Tak sebentar, terkadang untuk
tiba di rumah tuanya itu, Zainuddin harus rela duduk di dalam angkutan umum
tersebut hingga satu jam lebih. Pantas saja, karena labi-labi yang dinaikinya
memutar ke arah kota dahulu sebelum kembali ke arah Krueng Raya.
Keuntungan yang didapat dari
sehari berjualan itu tak menentu, jika cuaca bersahabat, ia bisa meraup
keuntungan hingga Rp 200 ribu dalam sehari. Namun jika dalam cuaca hujan, maka
ia harus bersiap-siap untuk rugi karena dagangannya hanya terjual sedikit.

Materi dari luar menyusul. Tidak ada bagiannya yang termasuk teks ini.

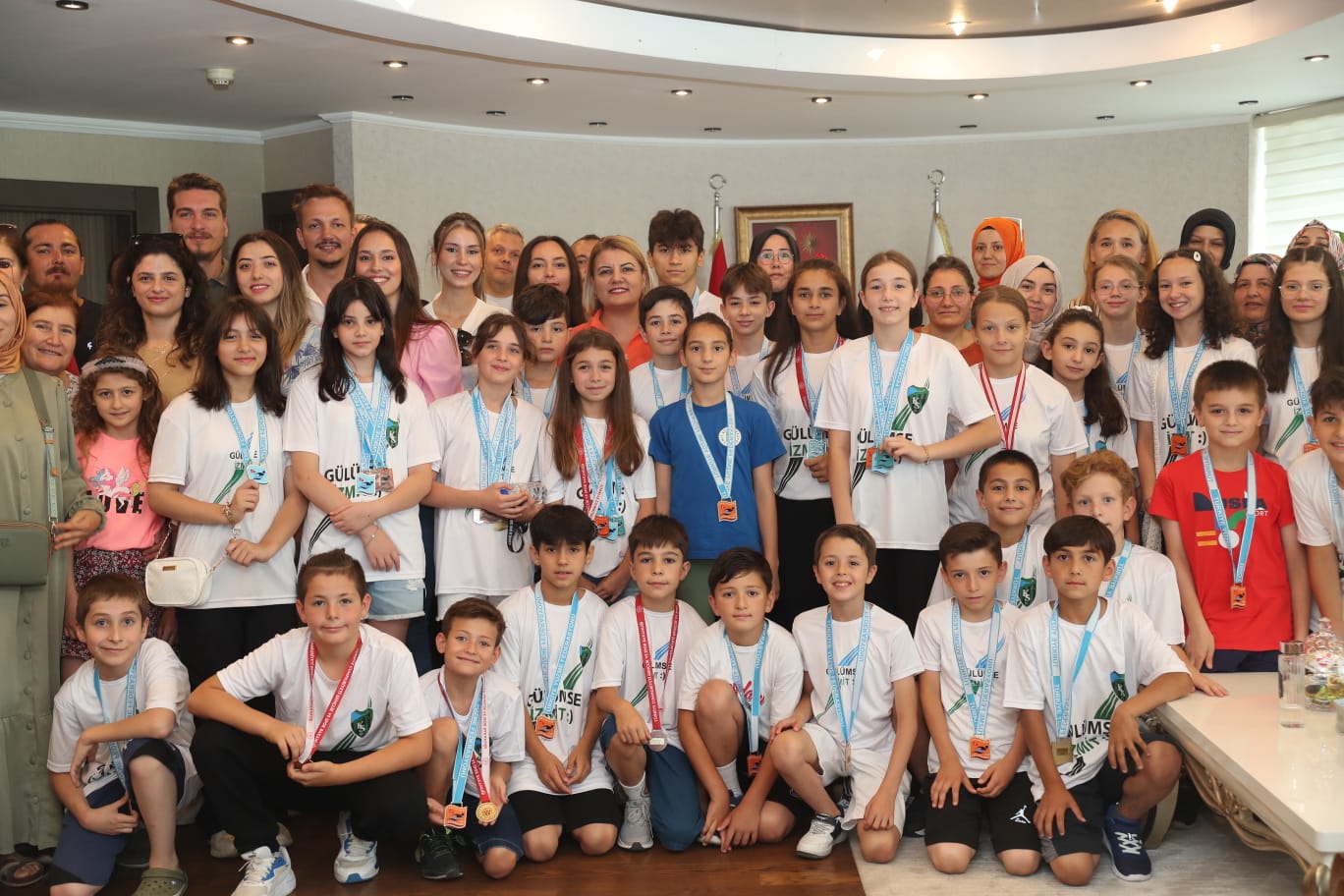 Başkan Hürriyet, başarılı yüzücüleri ağırladı (2)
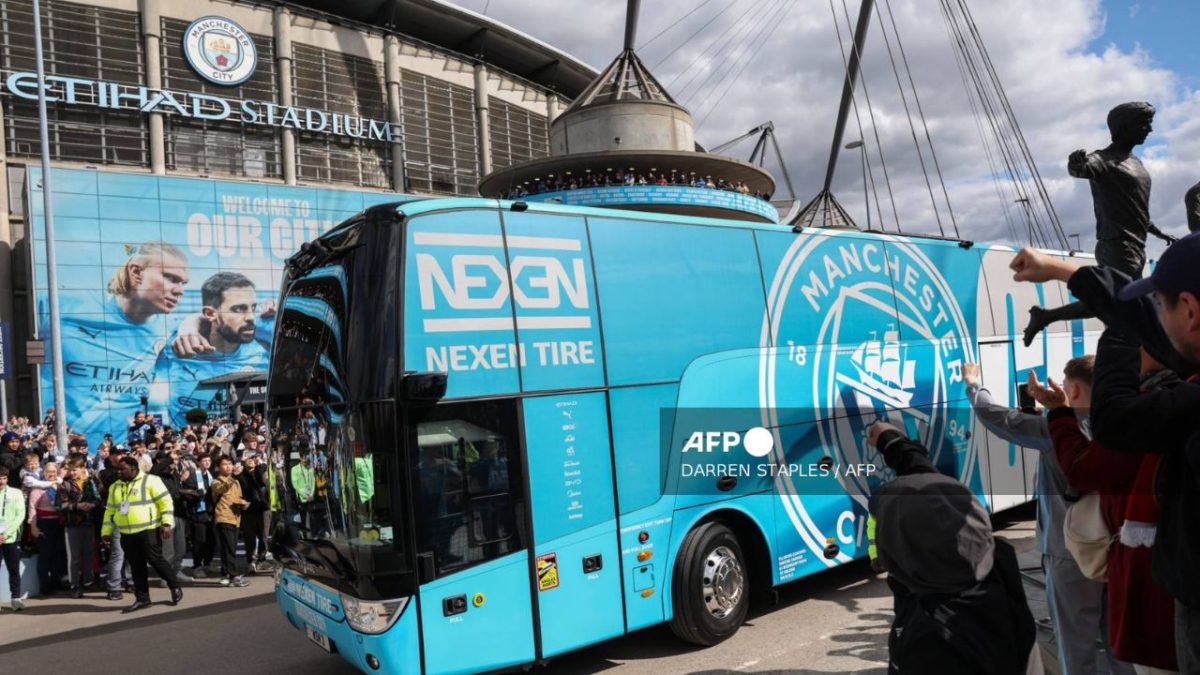 La Premier League declaró culpable al Manchester City por los cargos en su contra relacionados con violaciones a regulaciones financieras.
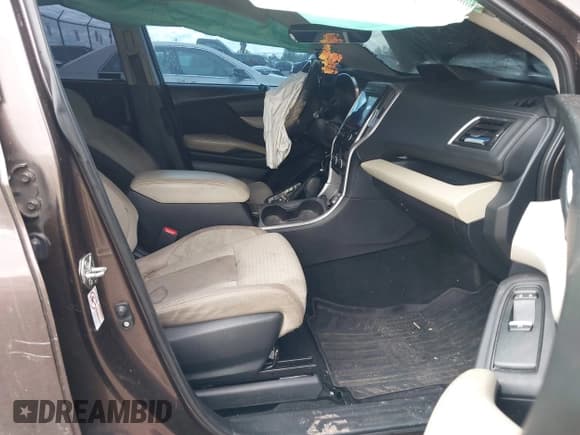 ✅ 2019 Subaru Ascent Premium • VIN: 4S4WMAFD6K3431745 • Lot: 42269721. Listed on IAAI with 131,343 mi. Free auction sales archive from the USA and detailed vehicle history report at DreamBid. Image 5.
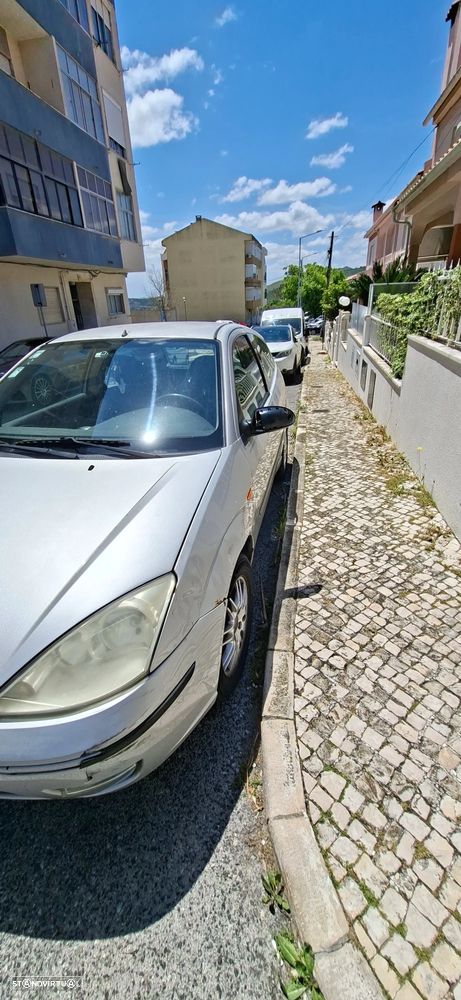 Ford Focus 1.8 TDdi Trend - 10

Saat tiba waktu hujan, pria
paruh baya ini langsung mencari tempat untuk berteduh bersama Rahmat dan
Mukhlis. Barang dagangannya dibiarkan basah terkena guyuran hujan. “Biasanya
pas hujan kami langsung berlari ke warung kopi terdekat biar tidak kenak
hujan,” kata dia. Terkadang buah dagangannya itu bahkan tidak laku sama sekali.
Saat ditanya soal pernahkan
dia ditipu saat berjualan, pria yang begitu menyayangi anaknya itu dengan
santai menjawab, “Tidak tahu saya, ya rezeki kan sudah ada yang atur, kalo
ditipu itu resiko saya,” katanya.
Sejak kecil, Zainudin sudah
terbilang rajin, ia tak mau merepotkan orang tuanya. Dengan modal semangat ia
mulai berjualan apa saja untuk mendapatkan uang, minimal untuk dirinya sendiri.
***
Hari itu cerah. Matahari,
angin sepoi-sepoi, dan awan putih yang menjulang di angkasa tampak begitu indah
dan begitu memanjakan mata. Meski masih menginjak umur tiga tahun, namun
layaknya anak desa lainnya, Zainudin cepat beradaptasi dengan lingkungannya.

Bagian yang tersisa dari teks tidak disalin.